Biaya – Biaya Yang Berkaitan Dengan Handling Barang Ekspor Impor Pada Saat di Pelabuhan

Posted on

Macam – Macam Biaya di Pelabuhan Ekspor Impor

Pada saat barang ekspor impor kita berada di pelabuhan, ada satu kewajiban yang harus kita lakukan yaitu “port clearance”. Yang dimaksud port clearance disini adalah aktivitas atau kewajiban – kewajiban yang harus kita penuhi kepada operator terminal di pelabuhan tempat barang kita singgah atau disimpan (storage) untuk sementara waktu.

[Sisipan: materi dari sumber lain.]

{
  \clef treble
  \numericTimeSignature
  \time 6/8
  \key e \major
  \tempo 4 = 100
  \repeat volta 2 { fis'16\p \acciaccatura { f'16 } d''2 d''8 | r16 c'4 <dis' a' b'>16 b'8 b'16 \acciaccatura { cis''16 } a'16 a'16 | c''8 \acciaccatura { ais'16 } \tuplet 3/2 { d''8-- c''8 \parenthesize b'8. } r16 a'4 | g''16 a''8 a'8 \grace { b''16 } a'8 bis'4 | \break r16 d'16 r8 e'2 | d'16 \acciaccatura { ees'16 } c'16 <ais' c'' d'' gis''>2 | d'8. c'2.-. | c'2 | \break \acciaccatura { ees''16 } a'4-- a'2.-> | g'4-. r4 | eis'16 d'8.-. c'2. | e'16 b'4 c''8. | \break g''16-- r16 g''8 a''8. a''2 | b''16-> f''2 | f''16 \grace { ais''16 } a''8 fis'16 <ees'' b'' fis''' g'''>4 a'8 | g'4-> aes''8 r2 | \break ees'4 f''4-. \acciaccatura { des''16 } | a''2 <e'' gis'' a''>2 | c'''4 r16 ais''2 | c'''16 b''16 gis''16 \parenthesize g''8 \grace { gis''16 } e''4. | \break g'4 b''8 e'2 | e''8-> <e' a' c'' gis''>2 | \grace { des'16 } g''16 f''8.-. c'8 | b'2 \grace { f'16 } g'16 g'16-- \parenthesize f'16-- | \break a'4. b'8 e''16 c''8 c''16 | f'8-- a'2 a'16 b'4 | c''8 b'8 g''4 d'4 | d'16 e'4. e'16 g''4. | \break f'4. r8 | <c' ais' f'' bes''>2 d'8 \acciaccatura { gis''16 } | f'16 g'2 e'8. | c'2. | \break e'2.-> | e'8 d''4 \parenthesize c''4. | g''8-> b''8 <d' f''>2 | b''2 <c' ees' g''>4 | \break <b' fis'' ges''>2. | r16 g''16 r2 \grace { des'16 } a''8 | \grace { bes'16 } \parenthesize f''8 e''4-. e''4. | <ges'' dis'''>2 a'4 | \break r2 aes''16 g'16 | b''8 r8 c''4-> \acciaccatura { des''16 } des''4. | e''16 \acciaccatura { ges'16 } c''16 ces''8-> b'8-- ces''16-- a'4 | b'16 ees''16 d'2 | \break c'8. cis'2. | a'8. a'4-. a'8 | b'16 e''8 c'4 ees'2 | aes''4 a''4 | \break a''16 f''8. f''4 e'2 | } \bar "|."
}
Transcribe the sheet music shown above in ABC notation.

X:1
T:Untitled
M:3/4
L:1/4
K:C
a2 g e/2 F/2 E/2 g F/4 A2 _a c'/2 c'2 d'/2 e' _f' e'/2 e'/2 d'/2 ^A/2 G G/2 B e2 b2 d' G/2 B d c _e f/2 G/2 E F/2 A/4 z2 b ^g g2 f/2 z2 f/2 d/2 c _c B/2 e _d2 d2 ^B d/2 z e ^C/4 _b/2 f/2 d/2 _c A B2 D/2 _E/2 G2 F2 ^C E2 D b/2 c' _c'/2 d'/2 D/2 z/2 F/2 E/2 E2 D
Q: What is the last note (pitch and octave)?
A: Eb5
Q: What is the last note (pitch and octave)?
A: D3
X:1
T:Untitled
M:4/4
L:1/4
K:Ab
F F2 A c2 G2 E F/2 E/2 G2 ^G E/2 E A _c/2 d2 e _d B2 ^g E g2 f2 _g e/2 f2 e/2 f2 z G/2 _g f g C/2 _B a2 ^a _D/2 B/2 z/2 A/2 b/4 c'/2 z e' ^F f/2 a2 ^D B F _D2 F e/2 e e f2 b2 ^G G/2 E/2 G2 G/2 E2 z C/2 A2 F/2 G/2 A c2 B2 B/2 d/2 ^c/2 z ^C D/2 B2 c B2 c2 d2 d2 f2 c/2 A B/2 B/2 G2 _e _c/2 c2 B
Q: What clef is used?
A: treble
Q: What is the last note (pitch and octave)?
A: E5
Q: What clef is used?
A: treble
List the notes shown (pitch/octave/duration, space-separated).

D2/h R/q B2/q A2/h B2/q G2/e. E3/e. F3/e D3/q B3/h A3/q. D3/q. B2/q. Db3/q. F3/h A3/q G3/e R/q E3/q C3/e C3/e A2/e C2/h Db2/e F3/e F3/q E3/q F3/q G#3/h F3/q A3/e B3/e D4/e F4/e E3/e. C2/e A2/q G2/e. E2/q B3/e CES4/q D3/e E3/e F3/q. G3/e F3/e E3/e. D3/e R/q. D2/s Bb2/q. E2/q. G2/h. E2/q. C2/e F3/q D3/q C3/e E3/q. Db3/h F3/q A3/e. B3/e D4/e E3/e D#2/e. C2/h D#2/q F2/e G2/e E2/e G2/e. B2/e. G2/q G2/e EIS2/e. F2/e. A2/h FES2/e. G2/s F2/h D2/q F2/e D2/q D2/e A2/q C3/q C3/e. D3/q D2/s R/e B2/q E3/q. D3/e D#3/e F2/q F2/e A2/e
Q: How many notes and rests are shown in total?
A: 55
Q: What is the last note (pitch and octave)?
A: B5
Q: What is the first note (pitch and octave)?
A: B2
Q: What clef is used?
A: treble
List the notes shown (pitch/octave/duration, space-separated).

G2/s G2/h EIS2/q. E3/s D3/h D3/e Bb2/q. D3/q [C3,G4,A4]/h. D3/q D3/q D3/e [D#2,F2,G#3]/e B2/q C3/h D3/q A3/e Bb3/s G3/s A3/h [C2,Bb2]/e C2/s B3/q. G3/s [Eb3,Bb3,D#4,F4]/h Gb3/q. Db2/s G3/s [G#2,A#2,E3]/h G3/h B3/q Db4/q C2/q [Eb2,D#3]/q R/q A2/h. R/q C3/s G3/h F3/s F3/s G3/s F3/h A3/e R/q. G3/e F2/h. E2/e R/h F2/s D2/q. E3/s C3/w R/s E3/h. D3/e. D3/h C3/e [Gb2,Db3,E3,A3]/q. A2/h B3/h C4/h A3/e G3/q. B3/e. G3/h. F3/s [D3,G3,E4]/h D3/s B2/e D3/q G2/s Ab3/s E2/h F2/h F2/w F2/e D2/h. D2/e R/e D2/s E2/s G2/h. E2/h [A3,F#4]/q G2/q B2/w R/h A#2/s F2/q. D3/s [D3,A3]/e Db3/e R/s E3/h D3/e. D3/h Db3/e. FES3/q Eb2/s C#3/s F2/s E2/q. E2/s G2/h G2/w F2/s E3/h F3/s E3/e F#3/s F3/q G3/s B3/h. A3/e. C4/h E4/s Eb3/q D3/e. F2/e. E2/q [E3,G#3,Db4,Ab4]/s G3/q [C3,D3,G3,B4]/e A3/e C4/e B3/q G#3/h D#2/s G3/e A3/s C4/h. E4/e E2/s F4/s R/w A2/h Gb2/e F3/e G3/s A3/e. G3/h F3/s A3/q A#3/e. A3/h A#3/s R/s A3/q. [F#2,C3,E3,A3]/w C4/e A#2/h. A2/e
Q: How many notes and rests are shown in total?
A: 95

Biasanya aktivitas tersebut berkaitan dengan handling dan moving fisik barang ekspor impor dan tentunya dikenakan biaya.

Ada beberapa item biaya yang harus kita bayarkan kepada operator port pada saat barang kita di simpan atau di handling di pelabuhan, jenis – jenis biaya tersebut antara lain :

  • Terminal Handling Charge atau sering disingkat dengan THC
  • Lift On – Lift Off Container
  • Biaya storage container (untuk shipment FCL) atau biaya storage barang di gudang tertutup (untuk shipment LCL)
  • Biaya pemeriksaan barang jika barang kita terkena jalur merah oleh Bea Cukai
  • Biaya overbrengen (OB) atau biaya pemindahan container dari terminal container yang satu ke terminal container lainnya.
  • Biaya penimbangan container
  • Biaya sertifikasi container
  • Biaya administrasi lainnya yang dikenakan oleh berbagai pihak di pelabuhan, baik yang resmi maupun tidak resmi (pungli).

Khusus di Indonesia biaya – biaya pelabuhannya termasuk yang relatif tinggi dibandingkan negara – negara asia lainnya seperti Singapura, Taiwan, dan Korea, yang upah buruh dan sewa lahannya lebih tinggi, biaya pelabuhan di Indonesia masih lebih tinggi.

Biaya - Biaya Pelabuhan Ekspor Impor di Indonesia

Singapura mampu menjadi salah satu pelabuhan utama dunia karena memiliki pelabuhan yang sangat efisien dan mampu menekan biaya – biaya pelabuhan seperti THC, LOLO (Lift On Lift Off), dan lain sebagainya.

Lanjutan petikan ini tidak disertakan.